The right of setoff allows entities that owe each other money to apply their mutual debts against each other.  Although there is no federal right of setoff created by the Bankruptcy Code, section 553(a) provides that (subject to certain exceptions) any right of setoff that otherwise exists pursuant to contract or nonbankruptcy law is preserved in bankruptcy.  Under section 362(a)(7) of the Bankruptcy Code, however, the debtor’s filing gives rise to an automatic stay of “the setoff of any debt owing to the debtor that arose before the commencement of the case . . .  against any claim against the debtor.”  Thus, although a creditor’s prebankruptcy setoff rights are preserved by section 553(a), section 362(a)(7) prevents a creditor from actually effecting a setoff while the automatic stay is in effect.

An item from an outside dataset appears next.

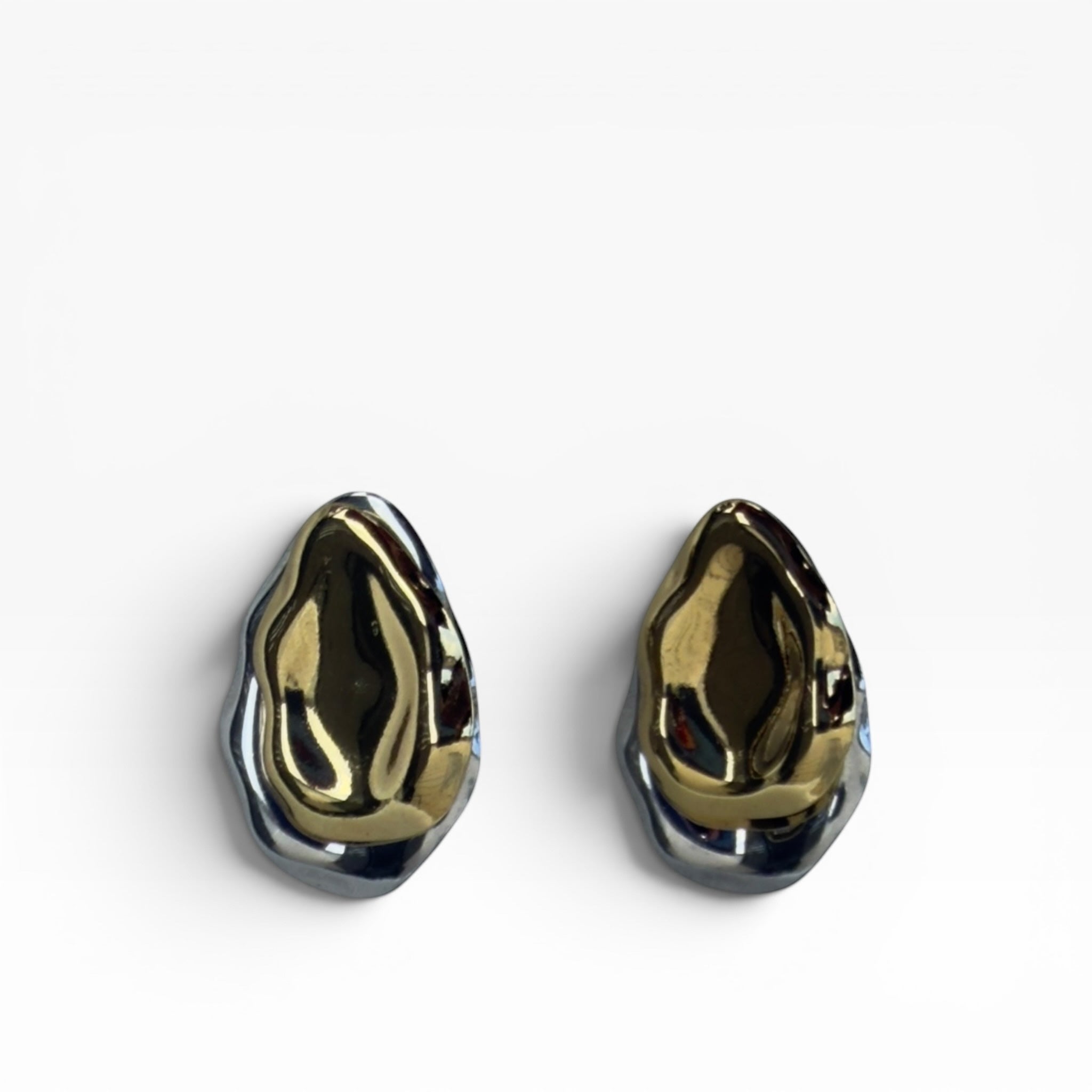 TALI abstract sculptural statement earrings featuring a dual-tone gold and silver molten metal organic design.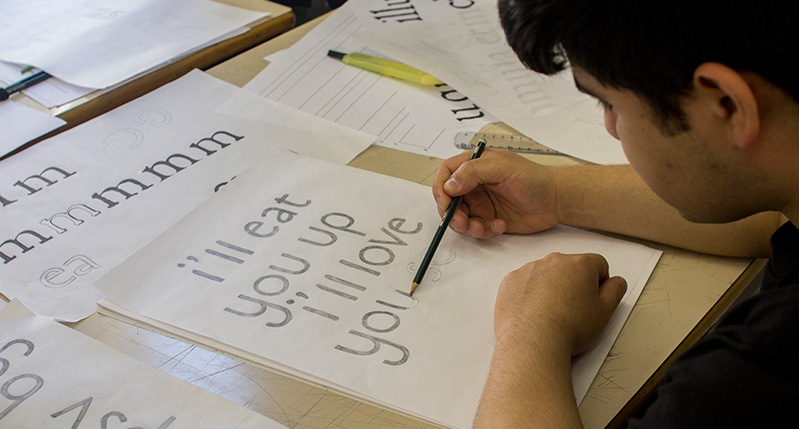 student hand drawing a phrase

The principal issue in Strumpf was whether the bank’s refusal to pay its debt to the debtor upon demand constituted an exercise of the bank’s setoff rights in violation of the automatic stay.  The Court found that, under the Bankruptcy Code, a setoff can only occur in the presence of the party’s intent to settle accounts permanently.  The bank’s imposition of the temporary hold did not constitute a setoff because it did not reflect the bank’s intent to withhold the deposited funds permanently from the debtor.  Rather, it was undertaken while the bank sought relief from the automatic stay under section 362(d) to actually (and permanently) setoff the mutual obligations.
The Court further reasoned that a creditor with a right of setoff should not be forced to pay amounts to the estate that are explicitly exempted from payment under section 542(b) of the Bankruptcy Code, which requires all entities owing debts to the estate to pay those debts to the estate except to the extent the debt is subject to setoff.  The Court explained that it would be odd to find that the automatic stay requires payment of amounts that section 542 explicitly exempts from payment.
In the wake of the Strumpf decision, it is clear that a bank may place a temporary hold on a debtor’s deposit account pending a motion to lift the automatic stay to exercise valid setoff rights against the debtor, which it should file as quickly as possible.  Subsequent decisions have further found that, in line with Strumpf, (i) an indefinite administrative hold constitutes a violation of the automatic stay, and (ii) an administrative freeze on funds deposited in excess of amounts subject to proper setoff constitutes a violation of the stay.  If a bank violates the automatic stay by imposing an administrative freeze without first (or promptly thereafter) seeking stay relief from the bankruptcy court, or by freezing more cash than is necessary to protect its right of setoff, the debtor should request enforcement of the stay (or, at the very least, authorization to use such cash collateral under section 363 of the Bankruptcy Code).